Though Rock expressed a pro-choice position on women’s rights, spoke about the “power” of female beauty, expressed love for his daughters and complimented Black women celebrities like Beyonce, it would be strange not to consider that Rock has an issue with Black women that should be examined.
Speaking of Jada Pinkett Smith, Rock claimed that she attempted to force him to quit hosting the Oscars in 2016 because her husband didn’t get a Best Actor nomination... and he seemed really angry about that.
Moreover, he referred to her as a “bitch” and a ”predator” to an audience in her hometown of Baltimore, where the special was filmed. Again: was this necessary?
It is telling that, despite being slapped by Will after making fun of Jada’s alopecia, Rock saw fit to take aim at Jada once again. It is as though he couldn’t help himself. It reeks of misogynoir. Does Rock have a problem with a Black woman who has sexual agency?
Perhaps he does. After all, his assessment of the Kardashians – a rich, white family who exemplifies sexual agency – was a glowing one.

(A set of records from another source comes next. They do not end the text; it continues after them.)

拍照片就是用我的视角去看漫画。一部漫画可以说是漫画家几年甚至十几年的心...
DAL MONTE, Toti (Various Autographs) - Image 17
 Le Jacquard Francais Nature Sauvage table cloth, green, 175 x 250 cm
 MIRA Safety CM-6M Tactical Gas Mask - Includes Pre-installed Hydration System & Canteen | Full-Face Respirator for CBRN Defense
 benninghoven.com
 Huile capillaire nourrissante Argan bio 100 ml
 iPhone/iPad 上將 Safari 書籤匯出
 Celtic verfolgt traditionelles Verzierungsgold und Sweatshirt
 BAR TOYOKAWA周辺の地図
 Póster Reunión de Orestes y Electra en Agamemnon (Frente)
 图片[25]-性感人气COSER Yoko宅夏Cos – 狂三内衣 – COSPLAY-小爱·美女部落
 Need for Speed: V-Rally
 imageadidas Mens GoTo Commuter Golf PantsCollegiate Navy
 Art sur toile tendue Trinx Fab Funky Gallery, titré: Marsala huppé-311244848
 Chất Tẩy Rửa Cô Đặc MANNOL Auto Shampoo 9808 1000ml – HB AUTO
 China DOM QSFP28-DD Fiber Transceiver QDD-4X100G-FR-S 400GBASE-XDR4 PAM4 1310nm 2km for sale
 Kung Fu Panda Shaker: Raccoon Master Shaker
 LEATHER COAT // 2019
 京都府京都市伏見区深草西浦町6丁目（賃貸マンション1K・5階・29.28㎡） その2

“The Kardashians are inclusive. They love Black people more than Black people love Black people,” Rock said, suggesting that the family takes in all sorts of characters as long as they meet the “Black” criteria such as his one-time collaborator Kanye West, whom he branded a “bipolar rapper”, “crackhead basketball player” Lamar Odom.
Something about those jokes grate on the spirit, in the context of drug addiction issues within Black communities and Black people being more likely to experience chronic mental health conditions due to factors including racial trauma, poverty and inadequate healthcare. The same is true in the UK. Maybe Rock is insulated from that specific reality because he’s rich and a part of the establishment that he’s now hesitant to critique – but it’s something that millions of people grapple with.
I didn’t laugh at any of Rock’s special because I found much of it lazy and lacking in empathy for Black people. The special was a missed opportunity to deliver some clever comedy which I believe he’s capable of doing. And I say this as something who has enjoyed aspects of other his previous projects including Everybody Hates Chris, Death At A Funeral and the Madagascar film series.
Rock’s frequent failings on race is pitiful. He is an inspiration to many Black people, and has campaigned against the racial profiling of Black communities. He’s spoken about the racism he experiences “despite being famous”. Even his Good Hair documentary, though far from perfect, was a pioneering attempt at highlighting the difficulties Black women face within and around the beauty industry.
Good comedy sometimes cuts close to the bone, yielding the capacity to infuriate, shake and transform. It can confront audiences by challenging their stance on issues, in spite of themselves, and causing them to question perceptions.
The best type of comedy is relatable to audiences and unflinchingly honest. However, Rock’s standup felt like a disgruntled man ranting in an echo chamber. Though insisting that he’s “not a victim”, the comedian literally had tears in his eyes and appeared to be vying for the crowd’s sympathy and affection – at Black folks’ expense – nonetheless.
This is not black and white or as simple as, “the special was crap, so let’s cancel this guy” – that’s not what I am saying. There’s scope for him to do some reflecting and healing that he’s obviously in need of, grow, and come better next time.
After maybe examining his own selective outrage and how that affects his world views.